(Stored items from a collection)
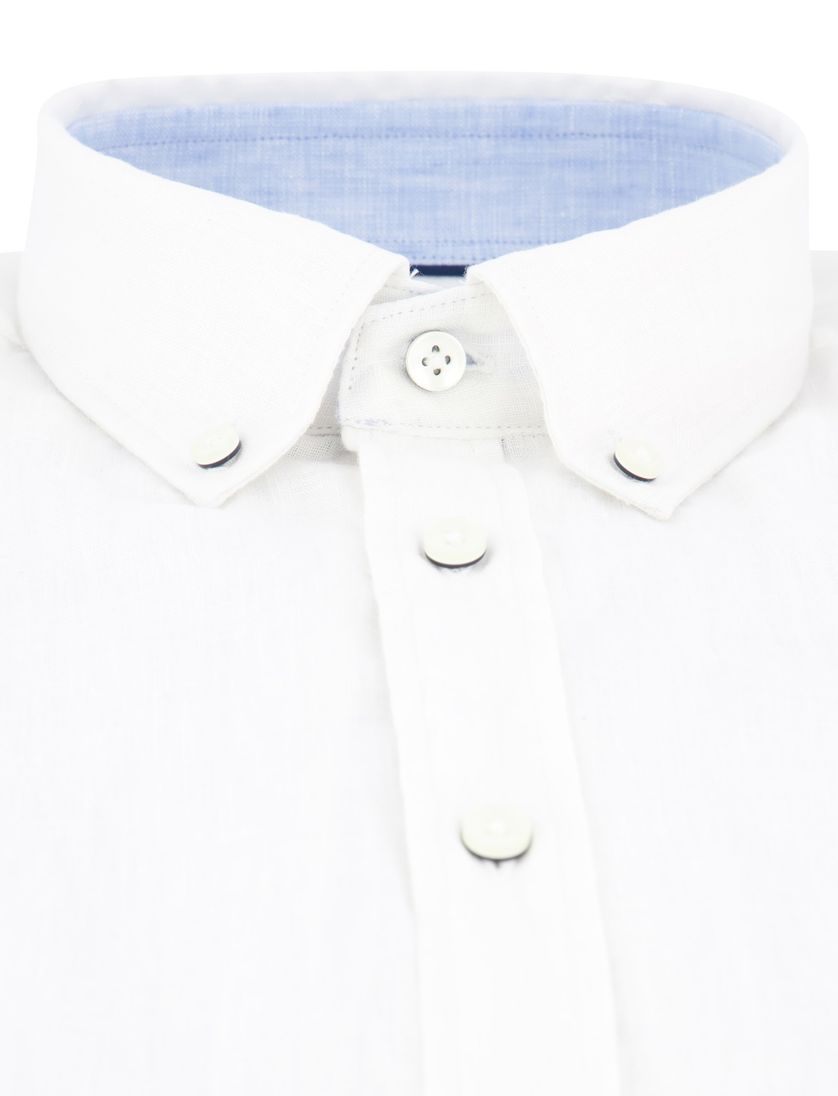 Fynch Hatton overhemd wit linnen button-down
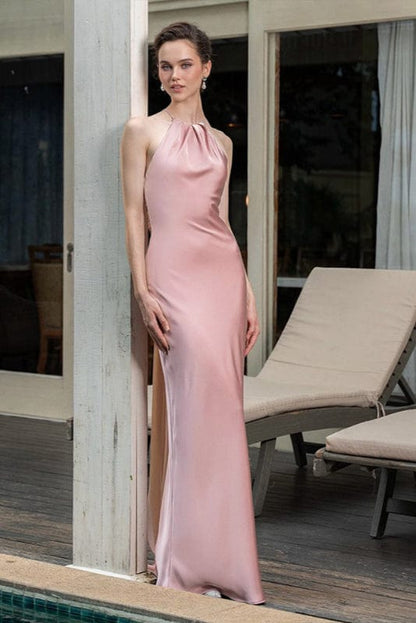 Robe Longue Satin Rose Poudré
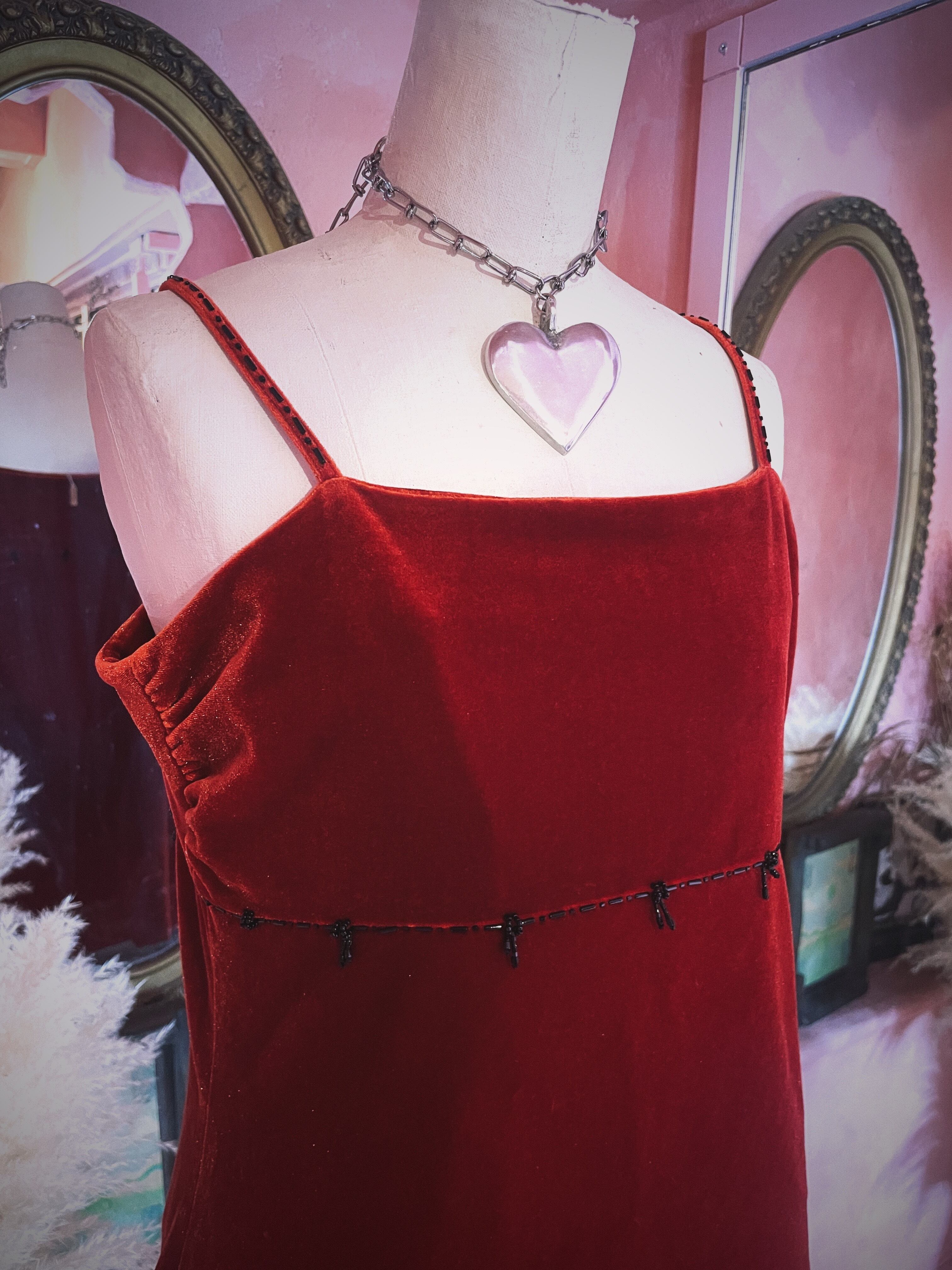 used velour camisole dress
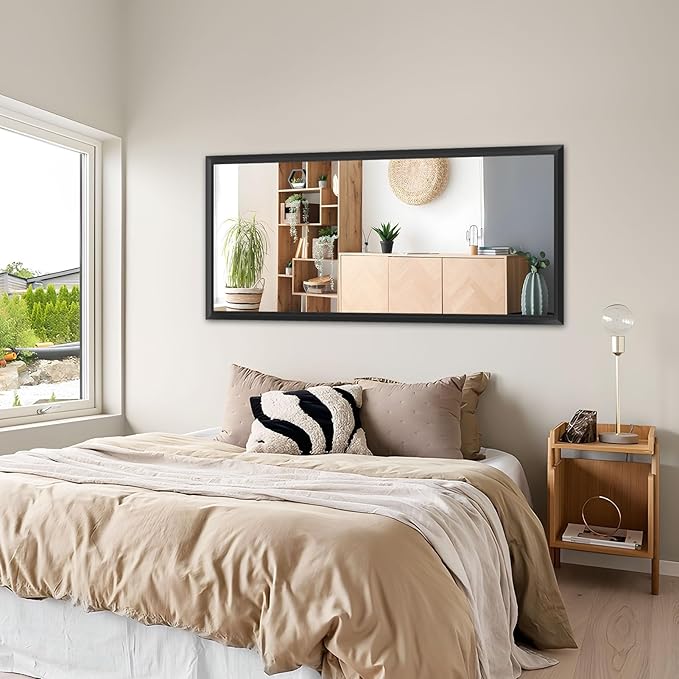 Amorho Black Bathroom Mirror, 55x32 Inch Thick Metal Framed Wall Mirrors for Over 2 Sinks, Bedroom, Living Room, Entryway, Large Rectangle Wall-Mounted Mirrors.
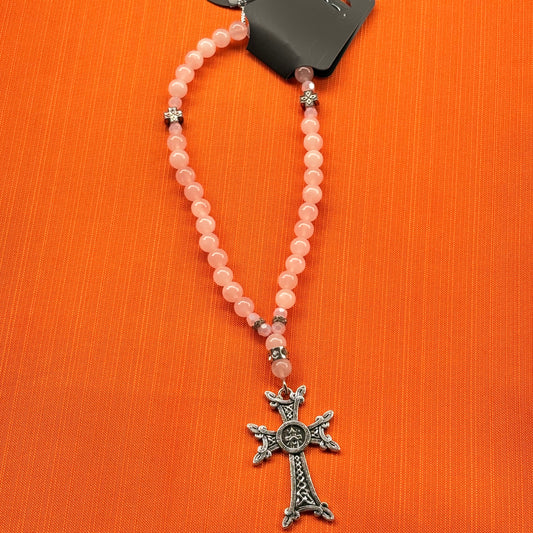 Cross Semi-Precious Stones Car Ornament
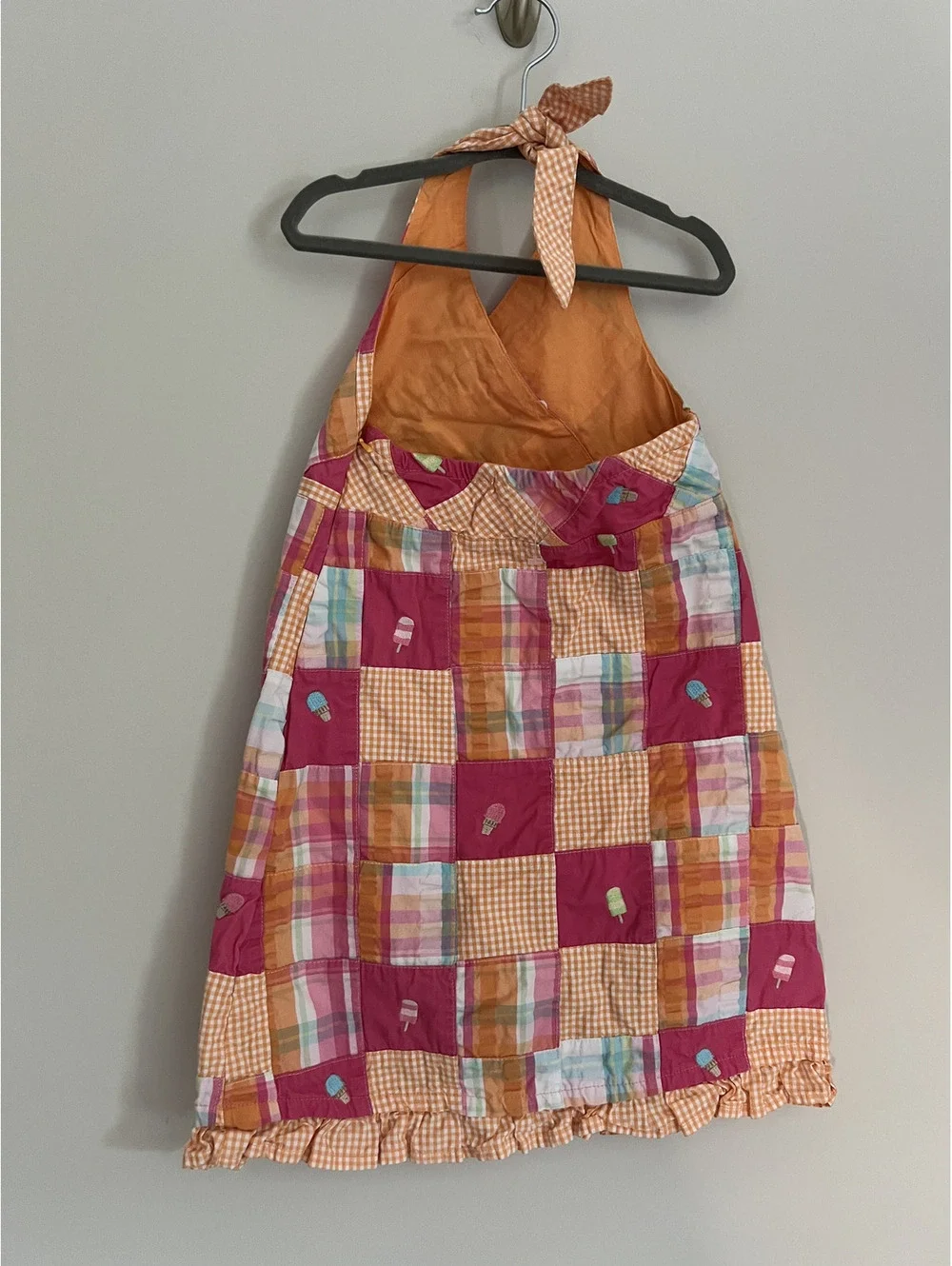Y2K Gymboree Orange Pink Ice Cream Patchwork Halter Dress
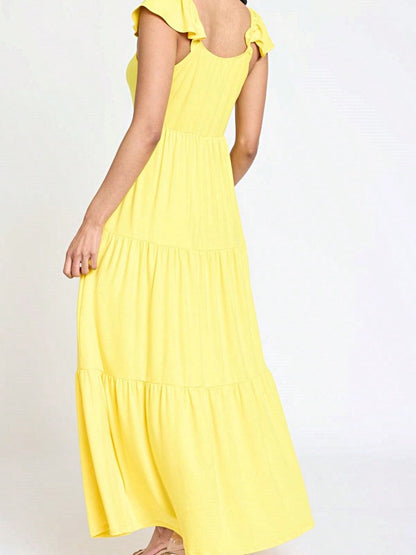 Boho Retro Tiered Long Dress Black Olive Yellow Mint Navy Ruffle Flutter Sleeve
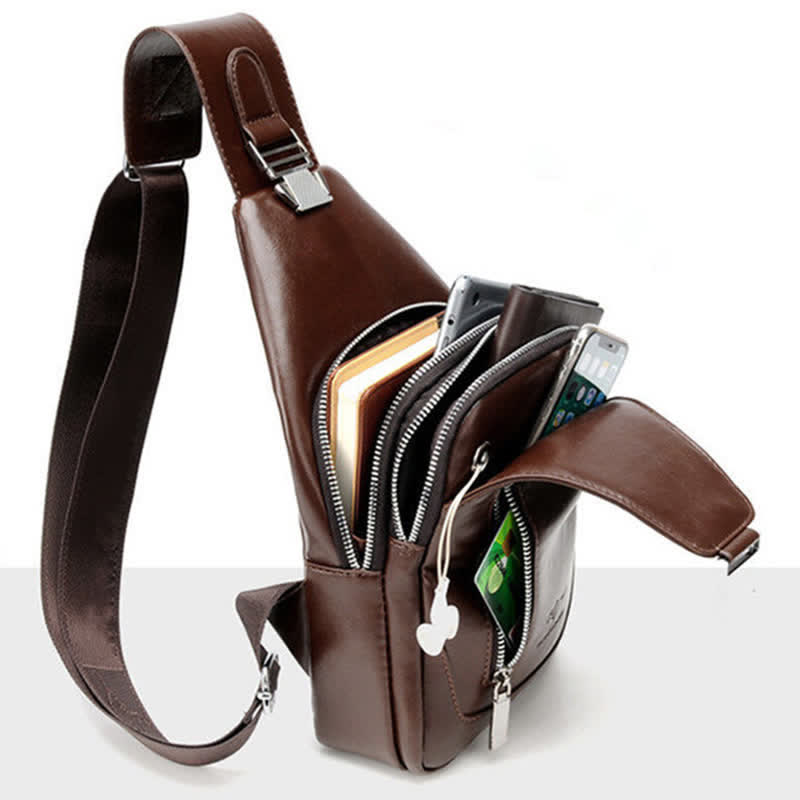 Diebstahlsichere Vintage-Schultertasche für Herren mit USB-Ladeanschluss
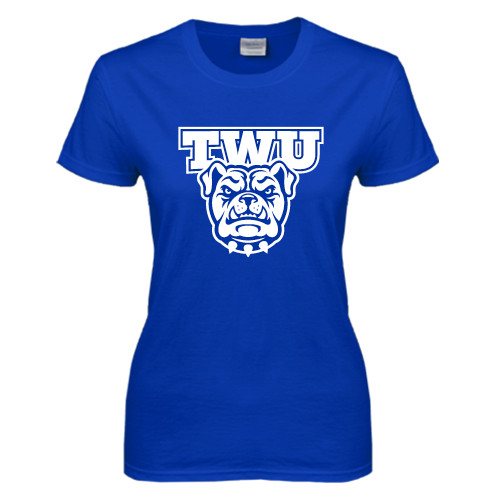  Womens Royal Short Sleeve Tee - TWU w/ Bulldog Head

■ WORK TO BE COMPLETED
Write every entry again exactly as given, skipping the pictures.

■ RESULT OF THIS TASK
 Fynch Hatton overhemd wit linnen button-down
 Robe Longue Satin Rose Poudré
 used velour camisole dress
 Amorho Black Bathroom Mirror, 55x32 Inch Thick Metal Framed Wall Mirrors for Over 2 Sinks, Bedroom, Living Room, Entryway, Large Rectangle Wall-Mounted Mirrors.
 Cross Semi-Precious Stones Car Ornament
Y2K Gymboree Orange Pink Ice Cream Patchwork Halter Dress
 Boho Retro Tiered Long Dress Black Olive Yellow Mint Navy Ruffle Flutter Sleeve
 Diebstahlsichere Vintage-Schultertasche für Herren mit USB-Ladeanschluss
  Womens Royal Short Sleeve Tee - TWU w/ Bulldog Head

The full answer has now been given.